(Listed entries)
════════════════
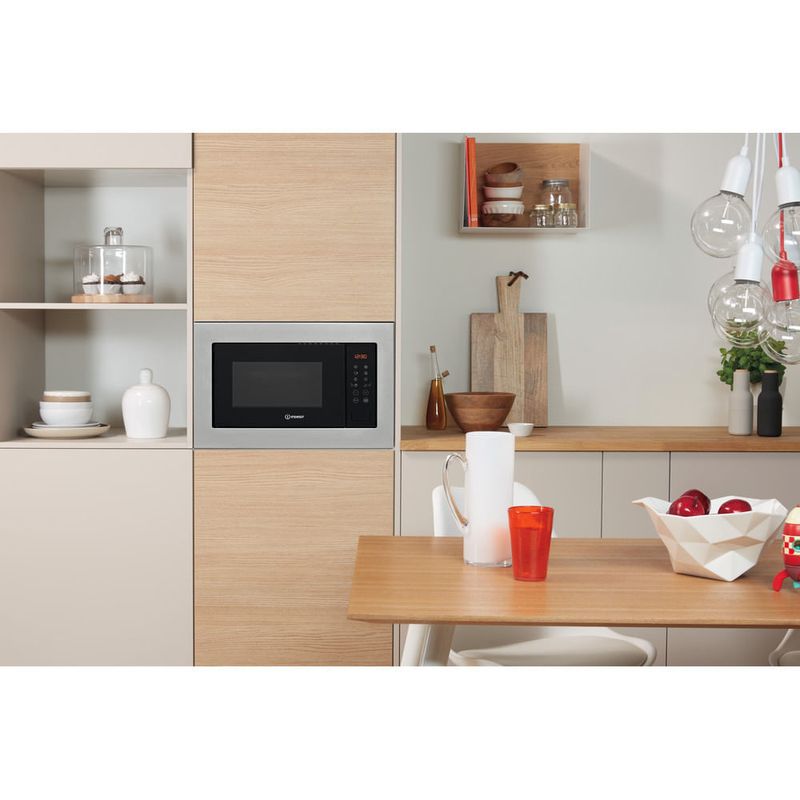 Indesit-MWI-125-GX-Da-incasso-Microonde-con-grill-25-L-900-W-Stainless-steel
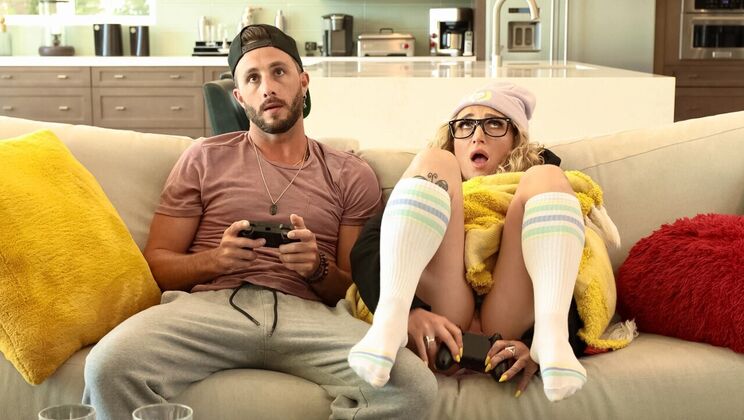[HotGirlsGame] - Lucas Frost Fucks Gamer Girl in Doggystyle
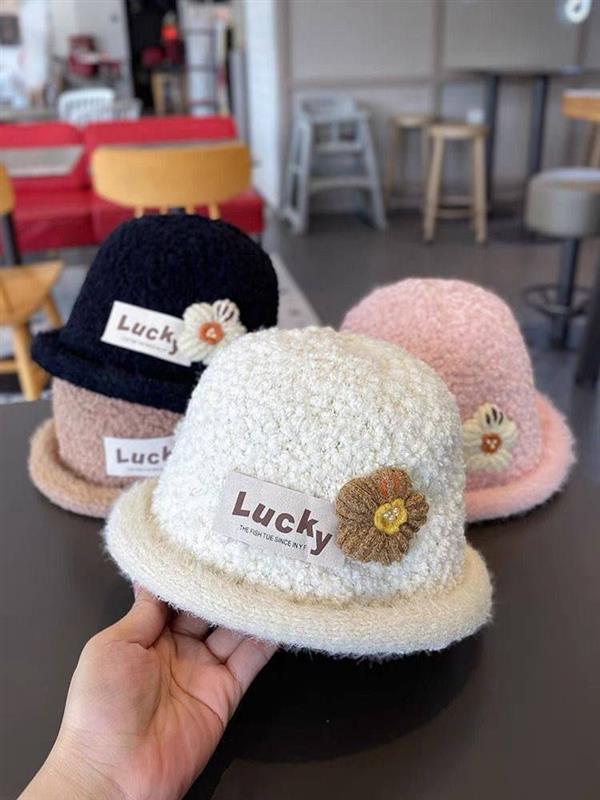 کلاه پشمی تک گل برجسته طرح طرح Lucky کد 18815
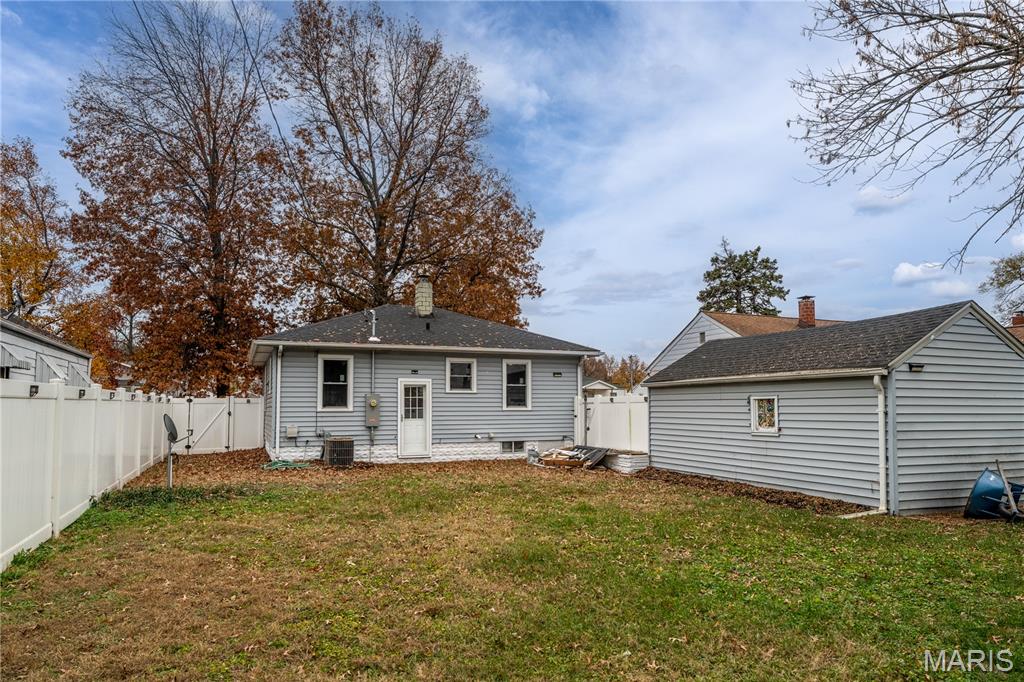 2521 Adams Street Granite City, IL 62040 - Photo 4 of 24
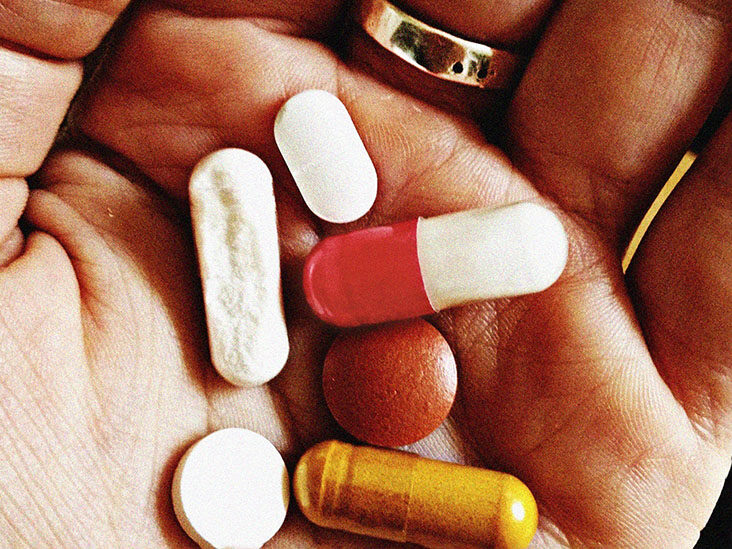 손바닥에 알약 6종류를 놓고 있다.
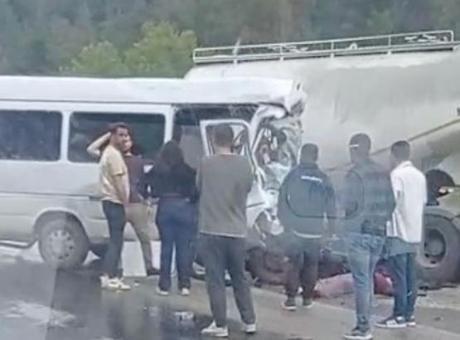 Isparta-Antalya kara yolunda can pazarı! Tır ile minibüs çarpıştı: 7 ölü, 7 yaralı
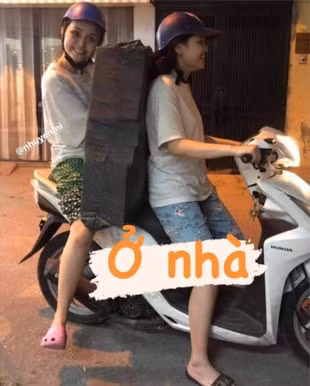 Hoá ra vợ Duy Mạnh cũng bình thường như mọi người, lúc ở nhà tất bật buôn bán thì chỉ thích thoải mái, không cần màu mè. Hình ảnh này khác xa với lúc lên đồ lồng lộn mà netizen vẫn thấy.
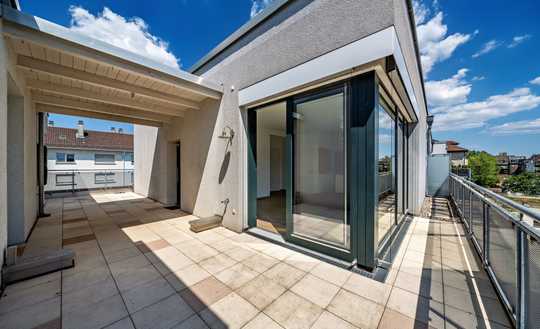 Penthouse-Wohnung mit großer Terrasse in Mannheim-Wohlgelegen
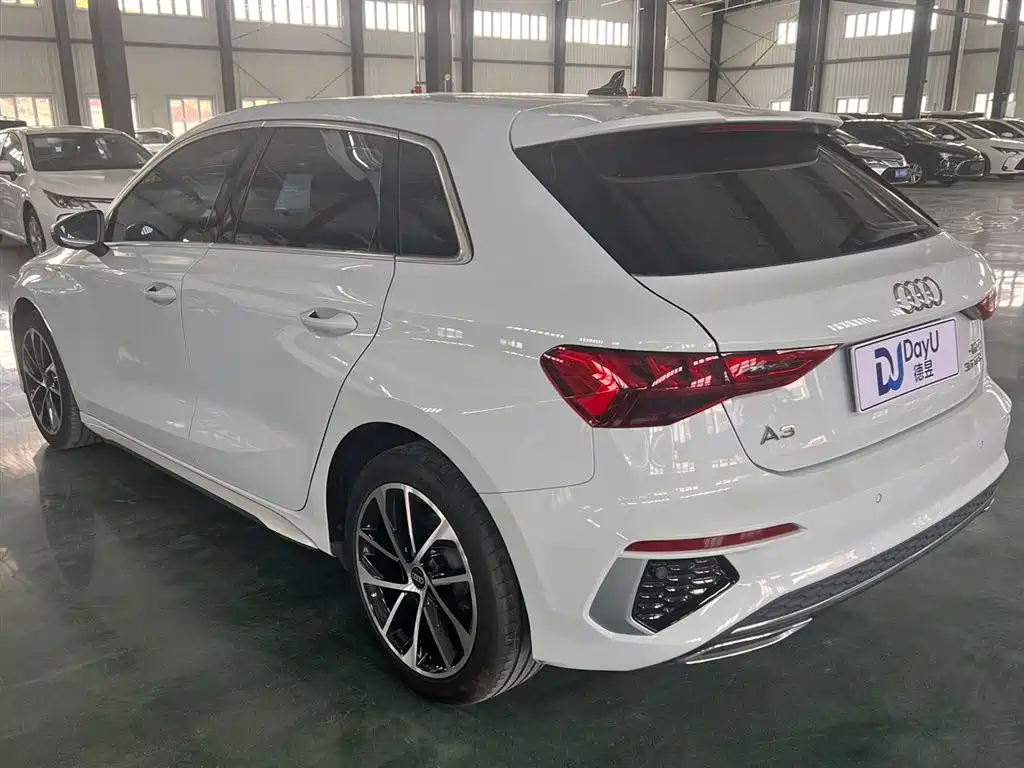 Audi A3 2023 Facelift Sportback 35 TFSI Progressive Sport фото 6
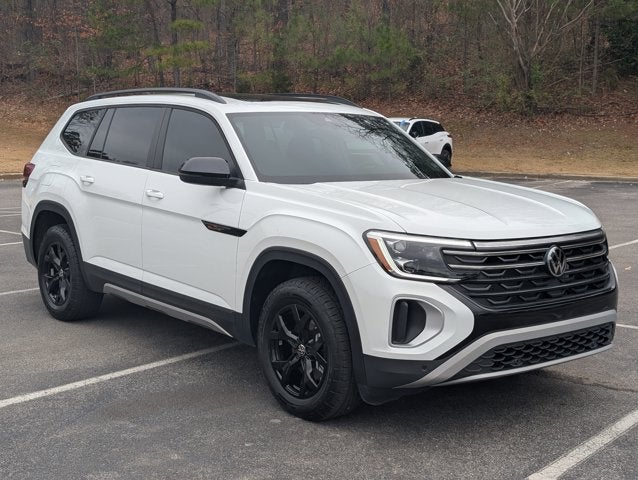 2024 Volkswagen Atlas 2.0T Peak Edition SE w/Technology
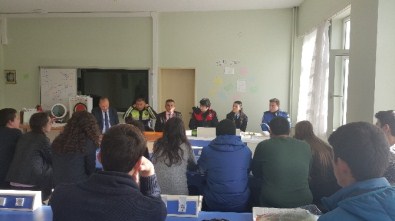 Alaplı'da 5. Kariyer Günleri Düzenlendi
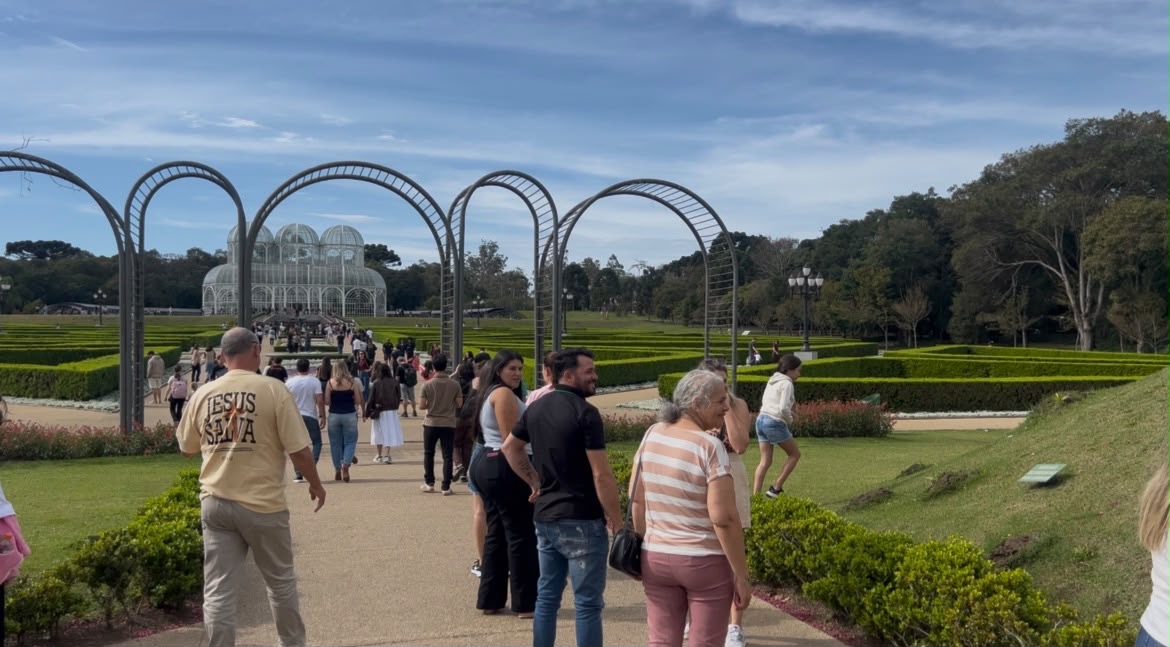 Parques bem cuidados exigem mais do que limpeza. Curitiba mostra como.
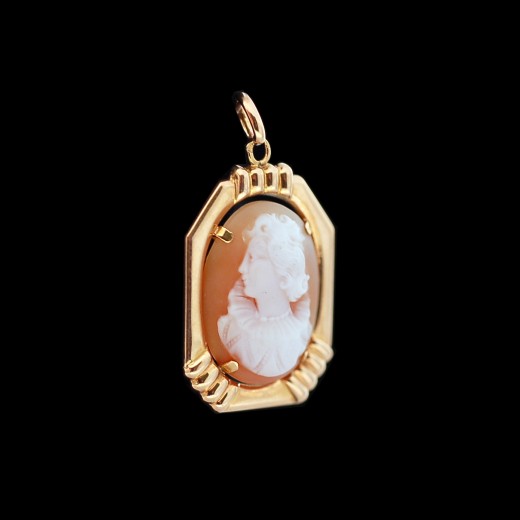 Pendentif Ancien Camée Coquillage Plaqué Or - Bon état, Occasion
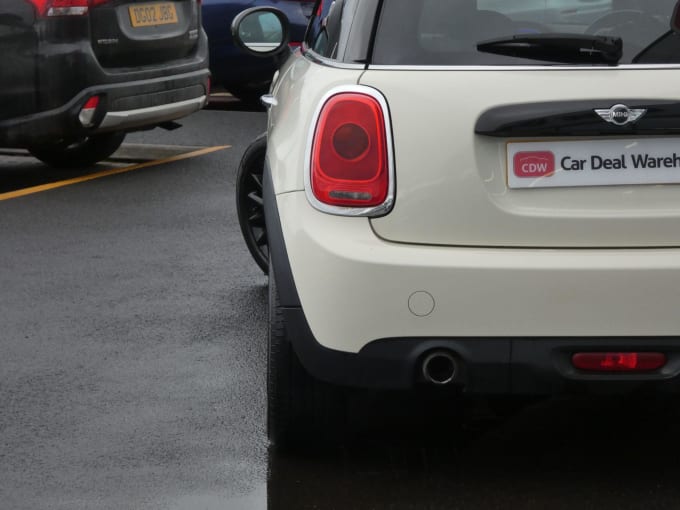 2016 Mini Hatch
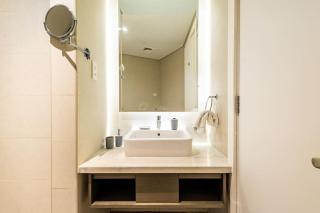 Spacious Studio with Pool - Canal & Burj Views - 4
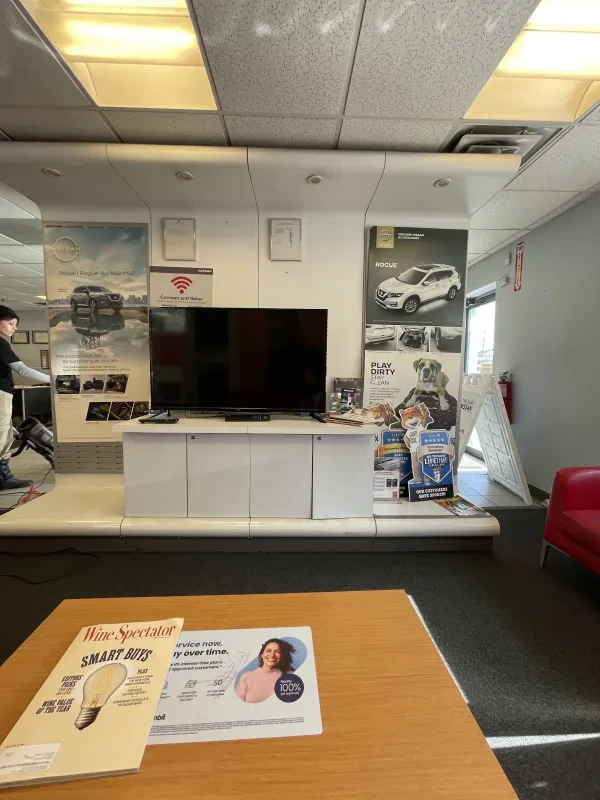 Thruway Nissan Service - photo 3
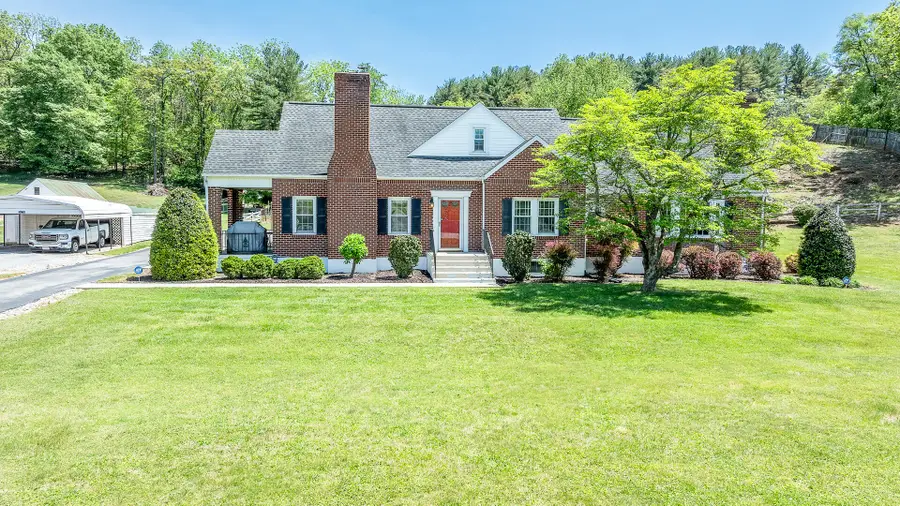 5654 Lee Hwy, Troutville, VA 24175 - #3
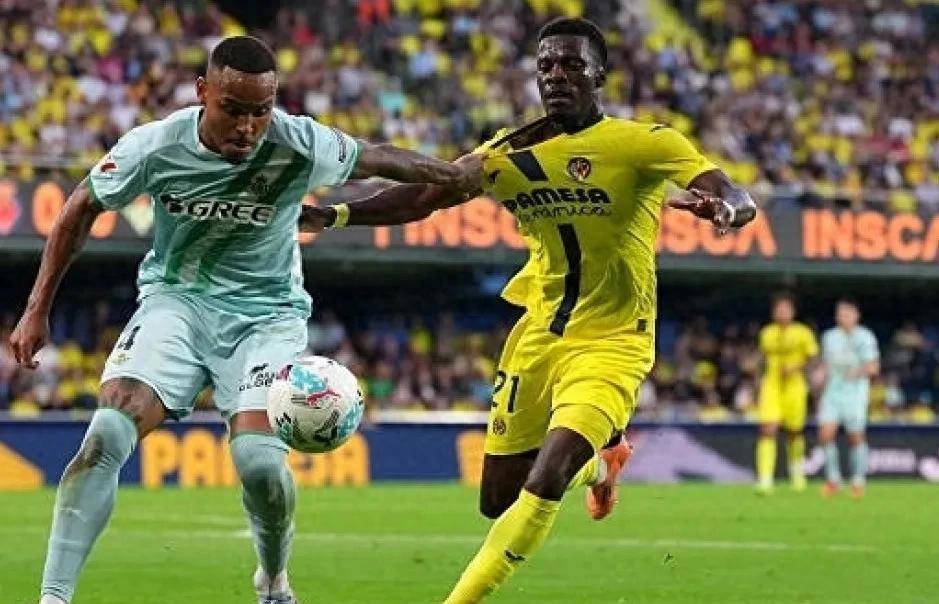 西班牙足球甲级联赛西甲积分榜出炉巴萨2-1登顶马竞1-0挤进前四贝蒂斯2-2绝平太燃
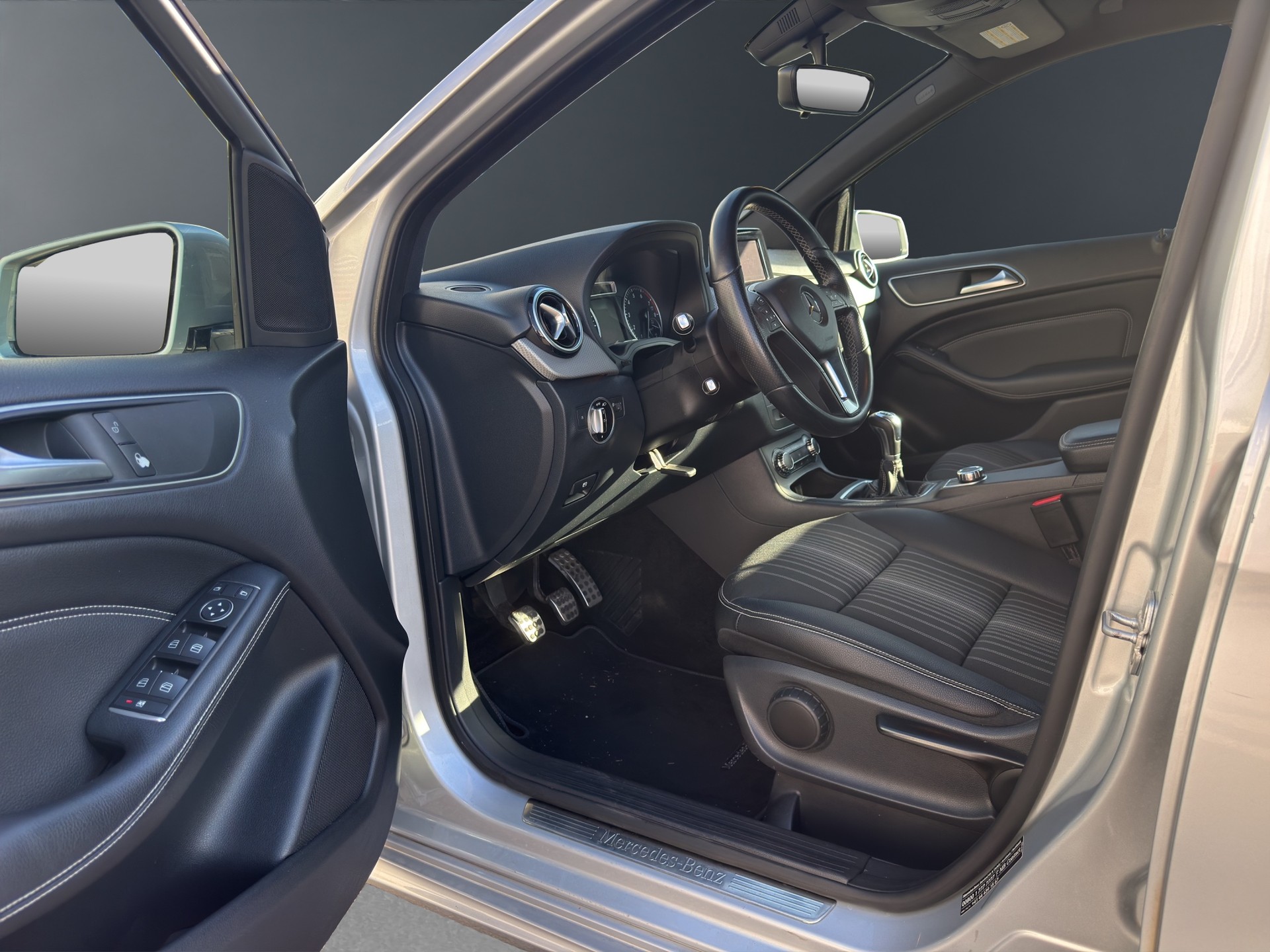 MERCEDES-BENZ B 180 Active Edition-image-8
════════════════
(Exercise objective)
After locating the line containing "손바닥에 알약 6종류를 놓고 있다." in the entries above, repeat only it and each later line through the end, exactly, without any pictures.

(Answer to the exercise)
 손바닥에 알약 6종류를 놓고 있다.
 Isparta-Antalya kara yolunda can pazarı! Tır ile minibüs çarpıştı: 7 ölü, 7 yaralı
 Hoá ra vợ Duy Mạnh cũng bình thường như mọi người, lúc ở nhà tất bật buôn bán thì chỉ thích thoải mái, không cần màu mè. Hình ảnh này khác xa với lúc lên đồ lồng lộn mà netizen vẫn thấy.
 Penthouse-Wohnung mit großer Terrasse in Mannheim-Wohlgelegen
 Audi A3 2023 Facelift Sportback 35 TFSI Progressive Sport фото 6
 2024 Volkswagen Atlas 2.0T Peak Edition SE w/Technology
 Alaplı'da 5. Kariyer Günleri Düzenlendi
 Parques bem cuidados exigem mais do que limpeza. Curitiba mostra como.
 Pendentif Ancien Camée Coquillage Plaqué Or - Bon état, Occasion
 2016 Mini Hatch
 Spacious Studio with Pool - Canal & Burj Views - 4
 Thruway Nissan Service - photo 3
 5654 Lee Hwy, Troutville, VA 24175 - #3
 西班牙足球甲级联赛西甲积分榜出炉巴萨2-1登顶马竞1-0挤进前四贝蒂斯2-2绝平太燃
 MERCEDES-BENZ B 180 Active Edition-image-8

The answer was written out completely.